Fox Lane High School Italian teacher Raffaella Pirone recently became the first teacher from New York state to receive the national Coccia-Inserra Award for Excellence and Innovation in the Teaching of Italian (K-12).

“This annual prestigious recognition of outstanding and creative teaching is funded by Coccia Foundation and the Inserra families under the auspices of the Coccia Institute,” said Mary Ann Re, director of the Coccia Institute for the Italian Experience in America at Montclair State University. 

“The candidates are evaluated and the recipient selected by a distinguished panel of judges in Italian language pedagogy from across the country, as well as in Italy. Brava, Raffaella, and the excellent administration that supports you! The competition was formidable.”

Pirone accepted the award in October at the annual Teaching Italian Symposium-Workshops organized by the Coccia Institute and the Italian faculty of Montclair State University’s Department of Modern Languages and Literatures. Fox Lane High School’s World Language Coordinator Magaly Reluzco accompanied Pirone to the event.

“There were so many eligible people, for her to be the one person selected was pretty awesome,” Reluzco said of Pirone’s honor. “It was very cool to see one of our teachers get up there.”

In addition to the recognition of her teaching prowess, Pirone was awarded $5,000. Half is to be spent on her professional development at an accredited institution, while the remaining $2,500 is to be used for enrichment activities for students of Italian.

The award came as a surprise to Pirone, who was considered for it in the past. After the Institute encouraged her to apply again, Pirone added more supporting material to the extensive application, which included video, lesson plans and letters of recommendation.

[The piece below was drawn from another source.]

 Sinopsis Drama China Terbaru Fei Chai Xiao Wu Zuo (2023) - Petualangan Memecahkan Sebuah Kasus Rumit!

“I’m very honored,” Pirone said. “It just takes the initiative to try. I’ve been going to this Symposium for at least ten years now. Every year, I see a teacher win and I thought, ‘I’m going to try. Why not?’”

“To be the first honoree from New York state is a truly incredible accomplishment that speaks to her passion and commitment to bringing the beauty of the Italian language to our students,” said Fox Lane High School Principal Brett Miller. 

Pirone, who is from Rome, has always wanted to be a teacher. Pirone’s emphasis on Italian culture in her classes was one of the strengths identified by the judges selecting her for the award. She plans to use much of the award money to continue that emphasis.

"In Italy, I studied to become a Latin and Ancient Greek teacher. I planned to stay in Italy and work in a high school,” Pirone said. “When I moved to the United States, I taught Latin for a little while, but living here and being a teacher and Italian, it makes more sense to teach Italian. I feel like I can share my culture, too.”